It's all over google, yahoo and other search engines. Banks are
loosening up lending and that will make getting a mortgage easier.
Pundits are stating the doors are now opening up for individuals who
otherwise would be denied a loan.
But, after the
housing crash and the accusations of mortgage misdeeds - demanding that
lenders know who they are lending money to - how could this occur?
In
actuality, it really is about the documentation. Not the standards of
underwriting such as credit scores, how long you're employed or how much
you're trying to borrow.
Lenders have gotten into
lawsuits with each other and with national agencies such as HUD, Fannie
Mae and Freddie Mac demanding what is called a "put back". A "put
back", in mortgage parlance, is when a national agency like HUD or a
lender who bought a loan from another lender "puts the loan back" to the
original lender.
Say you went to a bank and got a
mortgage. Your loan probably was sold once or more times since you
received the initial loan. That's normal in the industry - it keeps the
cash flowing for more borrowers to get more loans.
But,
lets' say you miss one or two payments. You had severe medical bills,
you were out of the country, whatever the reason - it is not important.
What happens? As far as you're concerned, you get late payments (which
you do not want) on your credit reported on your mortgage payment
history.
However, behind the scenes, the action
unfolds. Someone somewhere is tasked with going through your loan and
looking at every single document that you provided and that you
signed. The intention is to determine one of four things: 1. You
signed something incorrectly (a mistake by your original lender) with
the wrong date or the wrong information on the disclosure. 2. You lied
and are a fraud. 3. The Underwriter made a mistake and improperly
underwrote your loan to the proper guidelines. Or 4. There is some
paper that has some error or something missing.
The
employee who finds this gets a big slap on the back and the company then
sends a demand letter to the bank that originally gave you the loan
saying "We're sending the loan back to you ("put back") and you need to
wire us the money for the loan ASAP or we are going to sue you"
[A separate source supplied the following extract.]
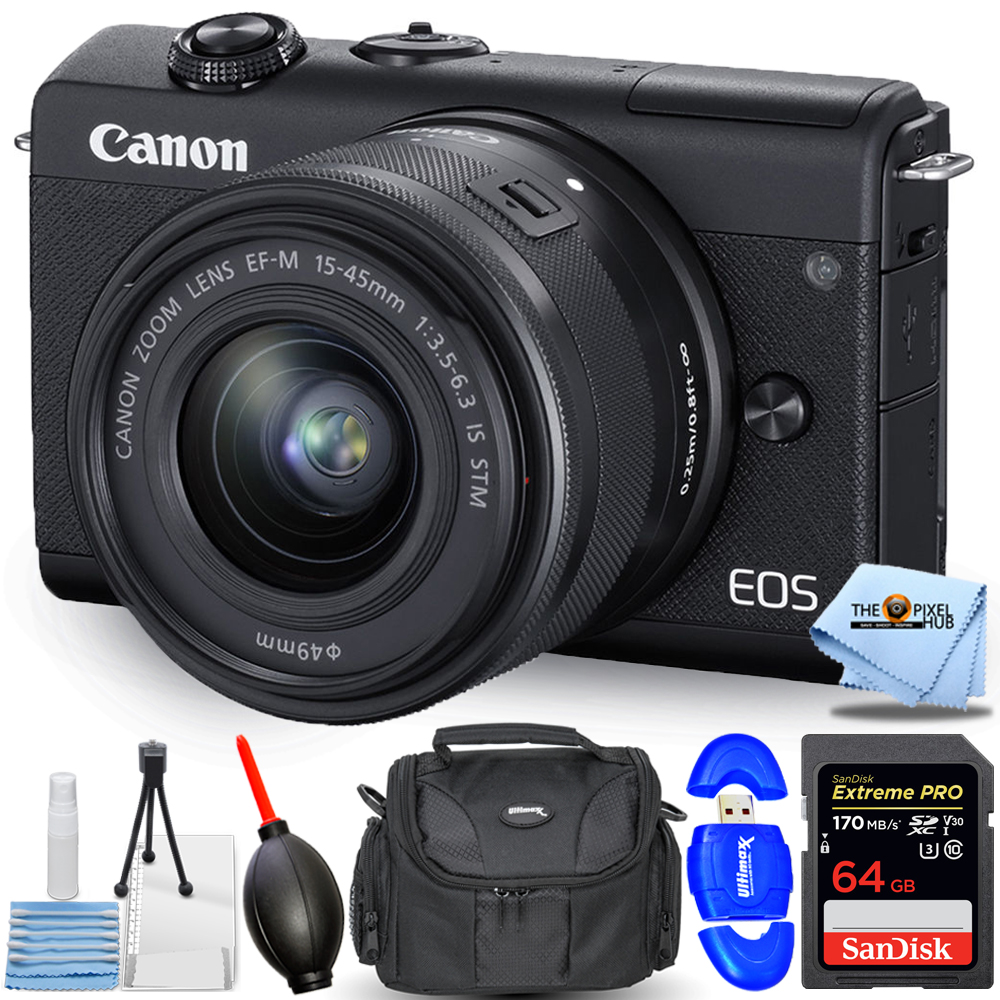 Canon EOS M200 Mirrorless Digital Camera With 15-45mm Lens (Black ...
For cases like egregious underwriting errors or fraud, this is common practice
But,
this practice was abused by many major banks who kicked loans back and
forth to one another and abused by agencies who did not want to insure
loans to banks. They looked for simple, tiny, errors that they could
use as an excuse to trigger the "put back" or "buy back" clause
After
much discussion in Washington, there was an agreement that limits this
practice. Because, typically, if an Agency like HUD, Fannie, Freddie or
the VA refuse to insure a loan -you can bet that every bank between San
Fran and Miami start kicking the loan back and putting it back -
because none of them want an uninsured loan.
So, the
agencies have come to an agreement to limit the demands to egregious
issues and not to smaller items that do not materially change the
fundamental quality of the original loans.
This does not translate to easing of credit.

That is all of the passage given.